* Source data
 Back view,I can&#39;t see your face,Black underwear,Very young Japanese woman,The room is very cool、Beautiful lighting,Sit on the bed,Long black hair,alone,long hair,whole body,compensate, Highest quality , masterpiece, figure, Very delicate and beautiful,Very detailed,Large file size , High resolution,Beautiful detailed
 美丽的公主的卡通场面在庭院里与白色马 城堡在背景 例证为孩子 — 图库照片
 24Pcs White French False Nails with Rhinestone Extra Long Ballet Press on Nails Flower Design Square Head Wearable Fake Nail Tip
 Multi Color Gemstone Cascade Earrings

---

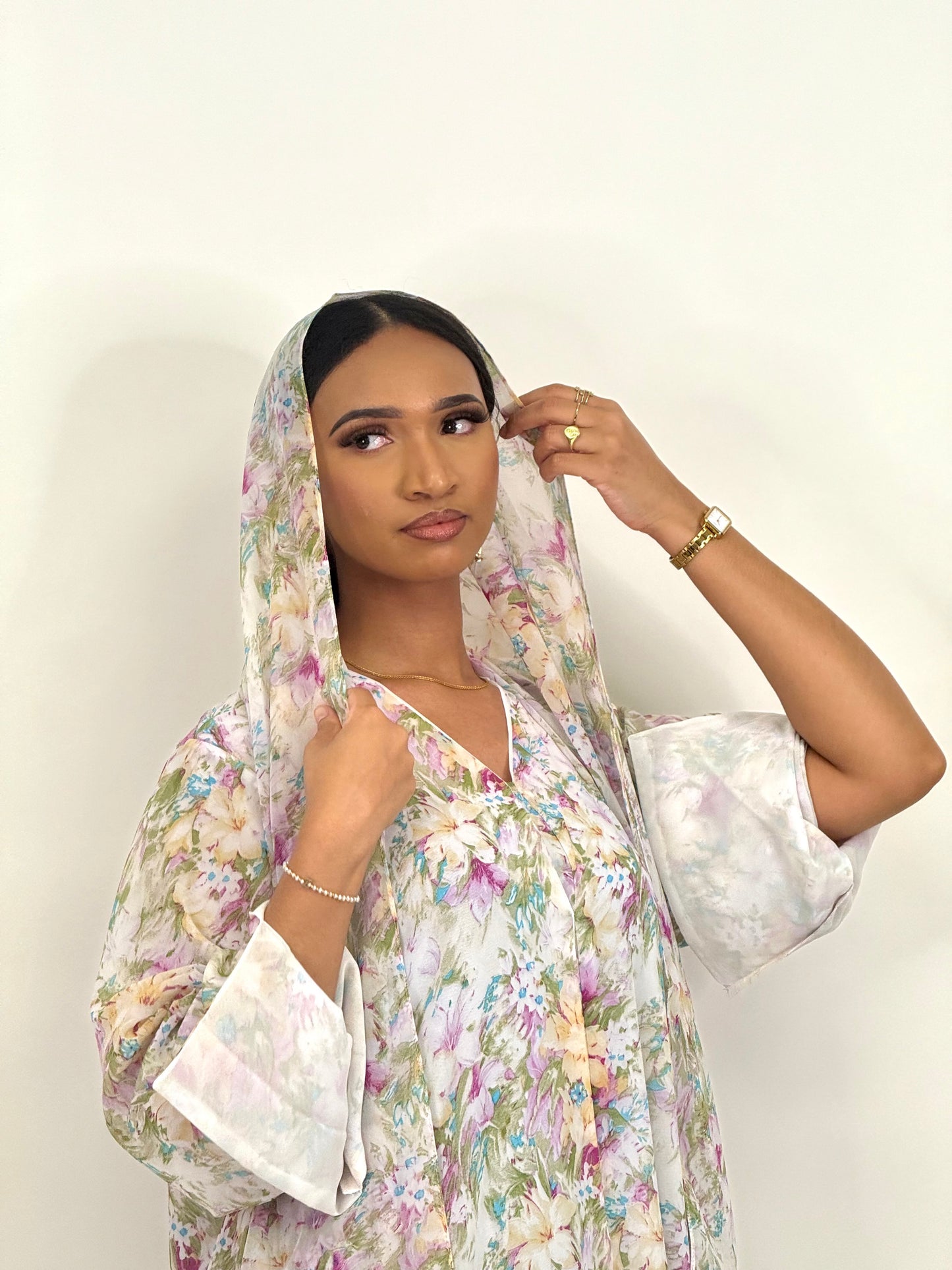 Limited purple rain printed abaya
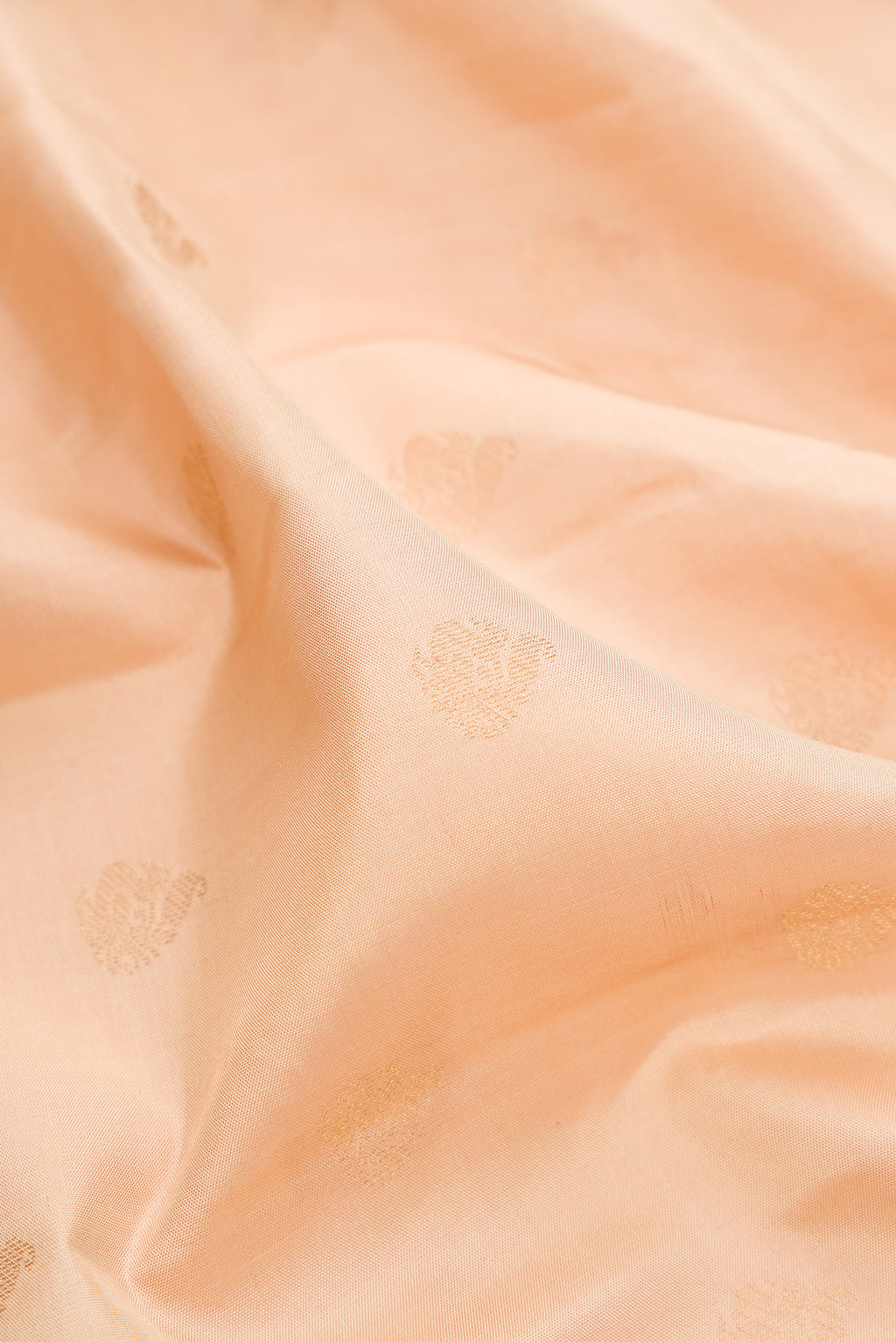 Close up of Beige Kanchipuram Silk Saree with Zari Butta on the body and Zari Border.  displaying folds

* * *

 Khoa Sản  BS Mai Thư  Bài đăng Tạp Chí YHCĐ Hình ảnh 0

* Task to complete
From the data above, output exactly the lines between the one containing "美丽的公主的卡通场面在庭院里与白色马 城堡在背景 例证为孩子 — 图库照片" and the one containing "Multi Color Gemstone Cascade Earrings", counting both of them.

* Result below
 美丽的公主的卡通场面在庭院里与白色马 城堡在背景 例证为孩子 — 图库照片
 24Pcs White French False Nails with Rhinestone Extra Long Ballet Press on Nails Flower Design Square Head Wearable Fake Nail Tip
 Multi Color Gemstone Cascade Earrings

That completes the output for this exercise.